Should patients with diabetes consider weight loss surgery, and which procedure is recommended?
Yes, Dr. Sosa strongly recommends weight loss surgery for patients with diabetes and obesity. The American Diabetic Association now recommends bariatric surgery as a first-line treatment for diabetes, a change from its previous second-line status. Gastric bypass is particularly recommended for diabetic patients as it is much more successful than gastric sleeve in eliminating diabetes and normalizing insulin, sugar levels, and H1C, almost universally eliminating diabetes. While gastric sleeve might work, it is much less likely to eliminate diabetes compared to gastric bypass. For patients with obesity and diabetes, weight loss surgery can be a very powerful tool to improve their health.
How much weight can patients expect to lose after bariatric surgery, and how does it vary by procedure?

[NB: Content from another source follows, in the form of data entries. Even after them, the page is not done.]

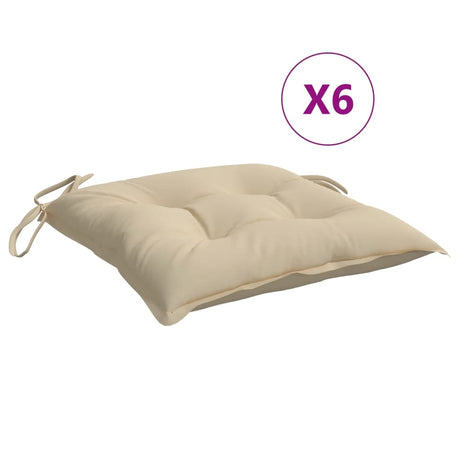 VidaXL coussins de palette 6 pcs 50x50x7 cm tissu oxford beige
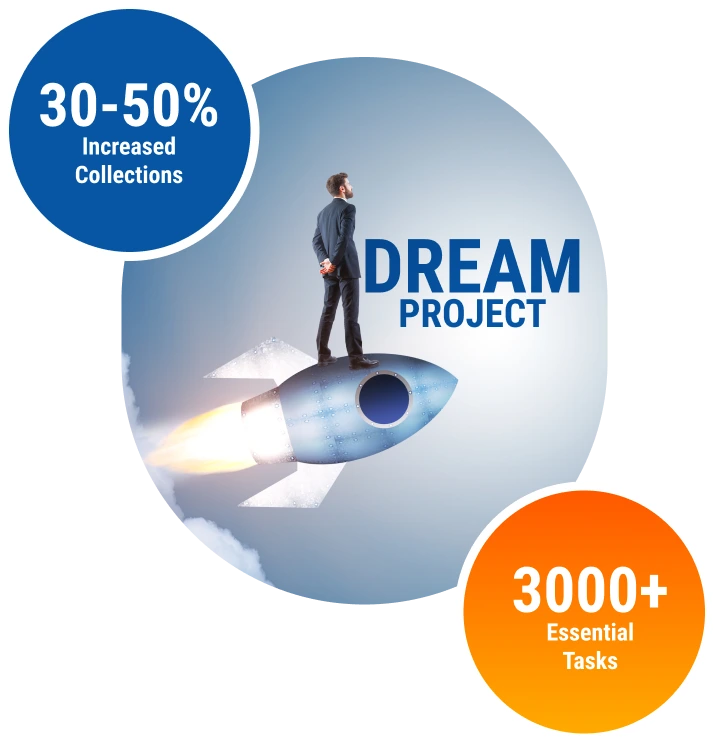 Illustration of a man standing on a rocket labeled 'Dream Project' with goal-oriented stats displayed in the background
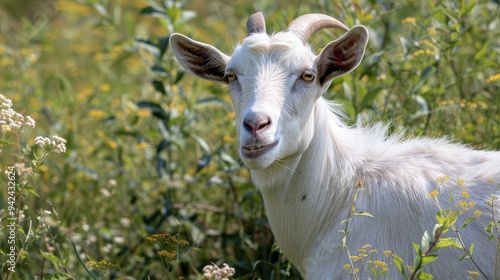 Photograph of a white goat in natural background photo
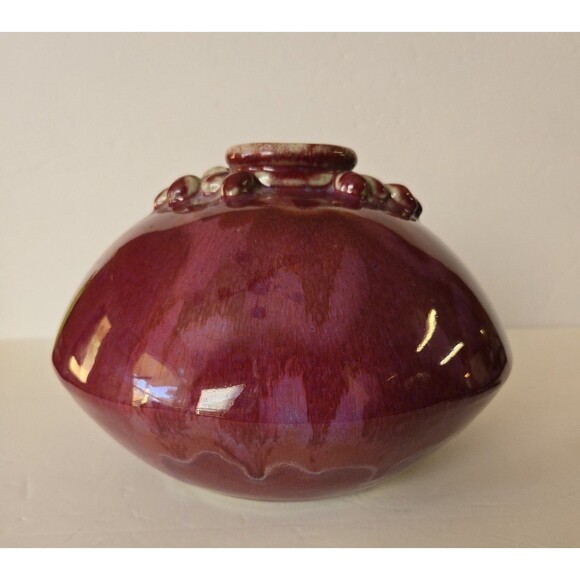 Potters Brown Edom Tx Signed & Numbered Art Studio PotteryRed Drip Glazed Vase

The total weight loss depends on the specific operation and the patient's starting weight. For sleeve gastrectomy, which provides portion restriction but not sugar malabsorption, patients can expect to lose around 80 pounds. Gastric bypass, offering both portion control and malabsorption of sugar and simple carbohydrates, typically results in much greater weight loss, around 80% of excess weight, with patients often losing 100 to 150 pounds. Dr. Sosa has observed patients losing up to 250 pounds with gastric bypass, especially for patients starting at higher weights (e.g., 500 pounds compared to 300 pounds).
Who is not a candidate for bariatric surgery, and what is the screening process?
While bariatric surgery is generally safe, some patients are not candidates due to high risks. These include individuals with severe heart disease (especially congestive heart failure where the heart isn't pumping well), major immunological deficiencies, or severe clotting deficiencies. The practice always performs a screening test to ensure patients can safely undergo surgery, and in rare cases, patients are deemed too high risk.